Metals have real worth because they have use. They’re not numbers on paper.

This is one of the problems we have in today’s service economy.

If you look at Ford Motors. They make cars. This has worth. Even if tomorrow everyone at Ford, from CEO down, lost their job, there is still a way of estimating cost. Cars have value as scrap metal. Office furniture can be sold to thrift shops etc.

Then look at Google? What is Google? It’s an idea that sells ads? How can you put a value on that? But people do, but there is no real to tell. There’s no bottom final line with a service product unlike a manufactured product.

side from which, gold is a traditional hedge against inflation. IN the U.S., and in many other countries around the world, people are really afraid that future inflation will wipe out their savings and investments. The huge amoutns of cash pumped into the economy have already weakened the dollar against foreign currency. You can buy gold, however, which will partly protect you against that since the the gold can later be sold. This may not be a good idea, but the goldbugs can and sometimes do make money at it.

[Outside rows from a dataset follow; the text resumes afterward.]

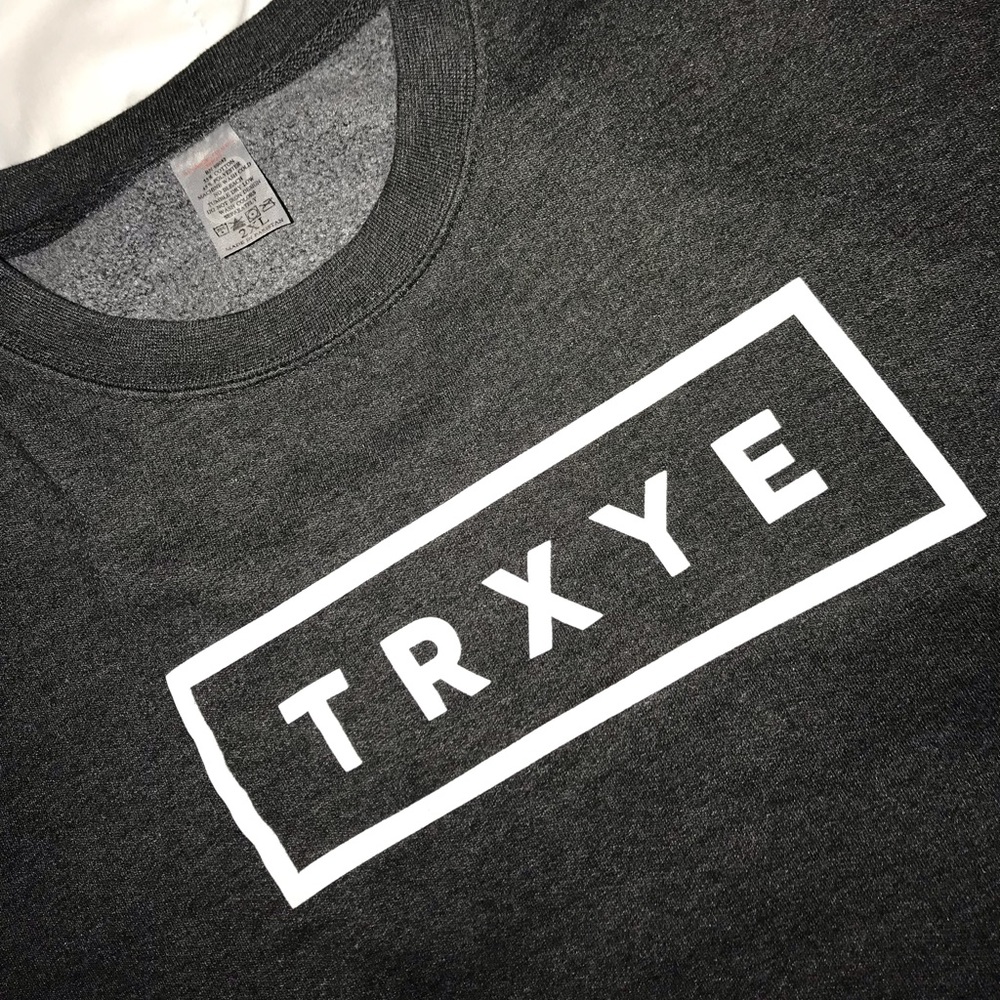 Troye Sivan Sweatshirt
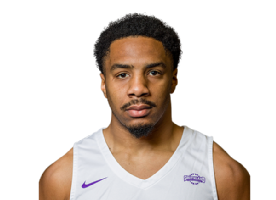 Coryon Mason
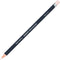 Derwent Procolour Pencil Salmon Pack 6 2302449 - SuperOffice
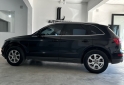 Camionetas - Audi Q5 2011 Nafta 140000Km - En Venta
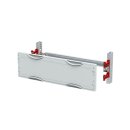 ABB STRIEBEL & JOHN - 2CPX041404R9999 - MF283...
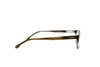 CARRERA C FLEX 07/G Optical Frame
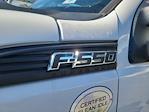 Used 2016 Ford F-550 Regular Cab 4x2, Box Truck for sale #306041 - photo 25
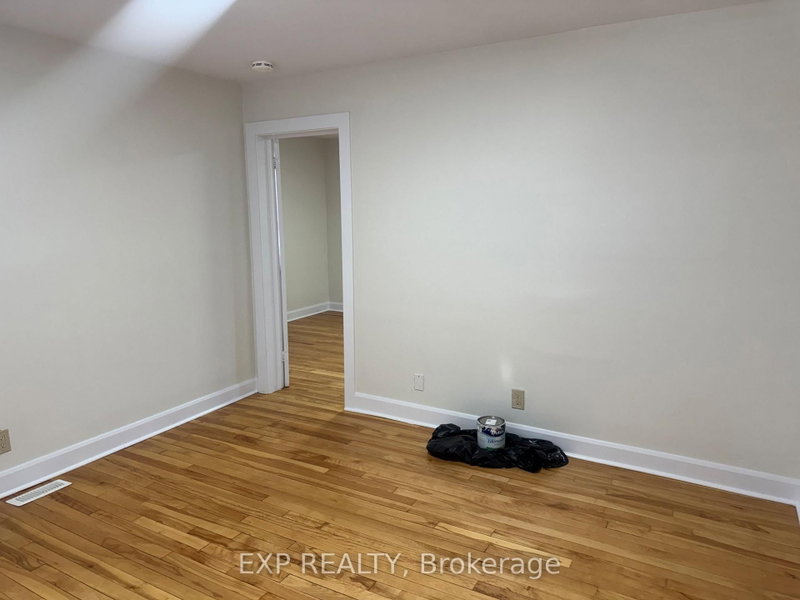 1 - 1268 Emperor Avenue
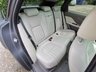 USED 2016 C JAGUAR F-PACE 2.0 PORTFOLIO AWD 5d 178 BHP 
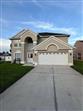O6426773 - 3232 HERONS POINT CIR, KISSIMMEE, FL 34741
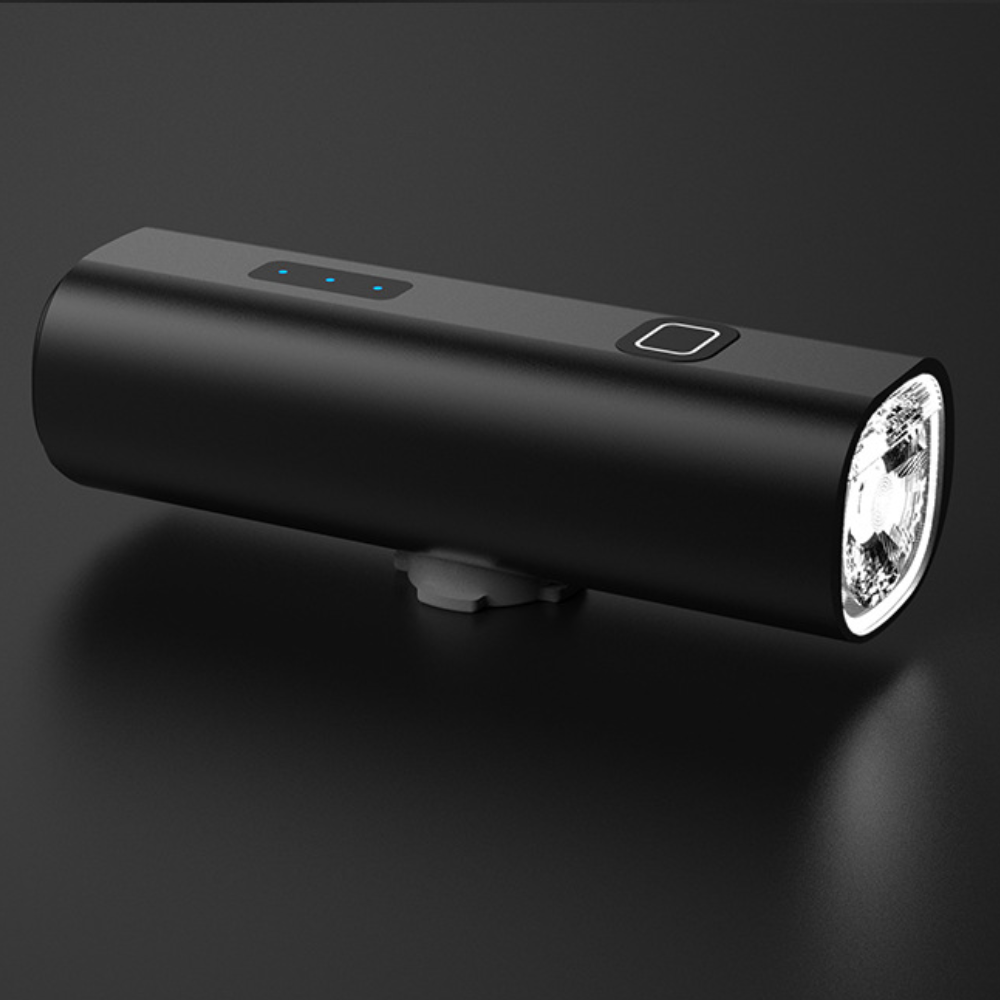 Turen R22 Bike Light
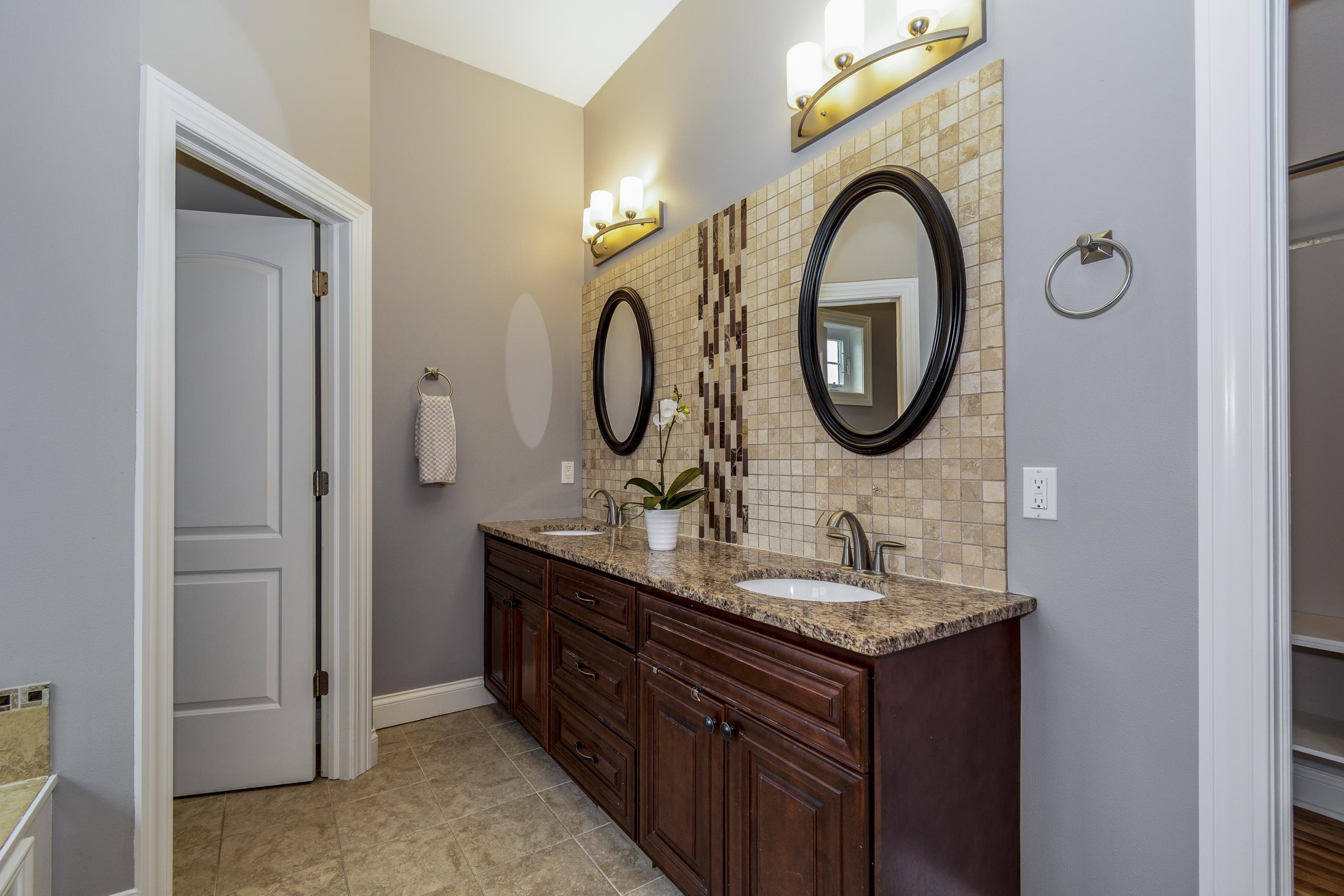 9402 Silverstone Lane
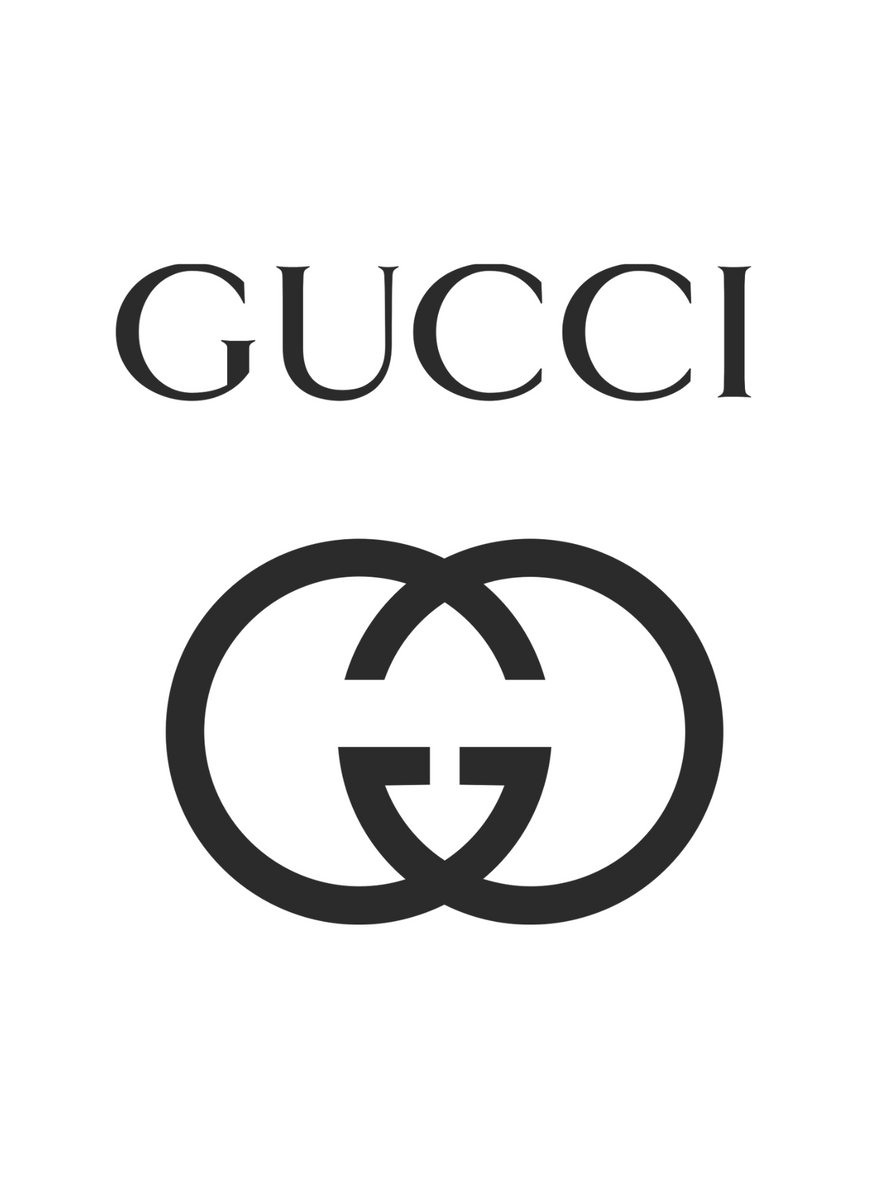 gucci alessandro michele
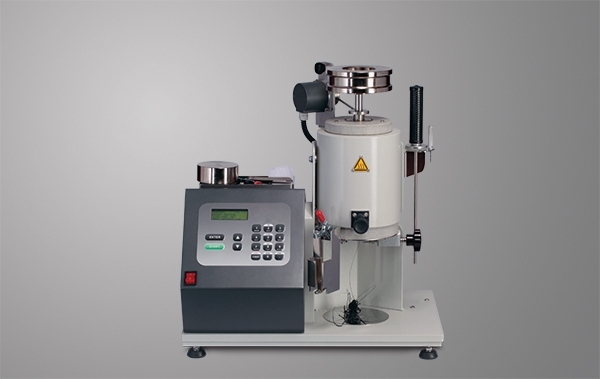 Пластометр MF20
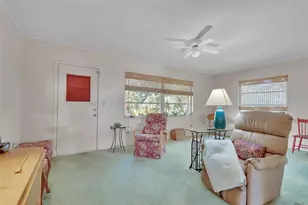 1808 49th St W, Bradenton, FL 34209 - Photo 49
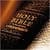 Bible Quiz Game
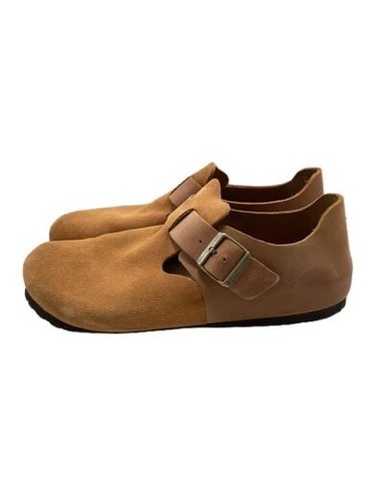 Birkenstockロンドン42ビルケンシュトック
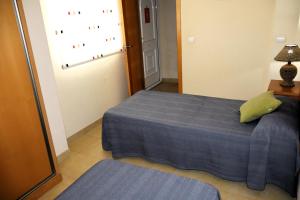 Pº Maritimo 15-46 pax. LEK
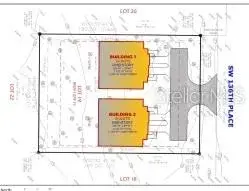 Property for sale at 6264 SW 136TH PLACE, OCALA, FL, 34473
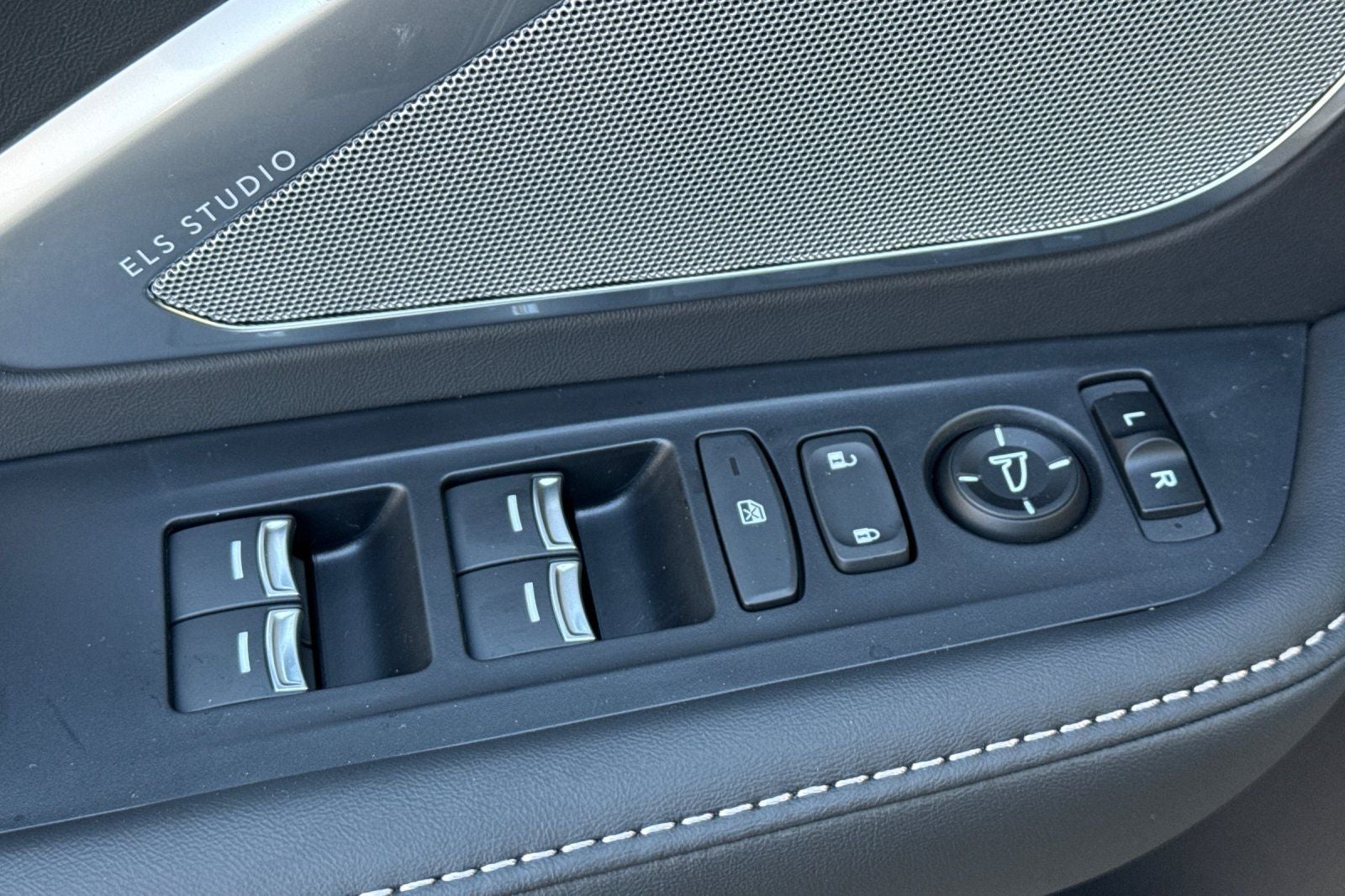 2026 Acura RDX 4TECH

but something else to keep in mind about gold is that gold is in some ways “stigmatized” as a vehicle for saving money for the real crisis (depression and similar) if you happen to live in a country whose government is willing to rob its people. Gold is pretty high on the list of things that the government could try to expropriate or forcibly purchase at fiat prices. Which, as you may recall, is exactly what happened in 1933 AD in the reign of Roosevelt II. And even if you actually hide it away in your mattress, selling it on black market can be difficult if the purchaser can hand you over for government persecution for the horrendous crime of illegal ownership of gold.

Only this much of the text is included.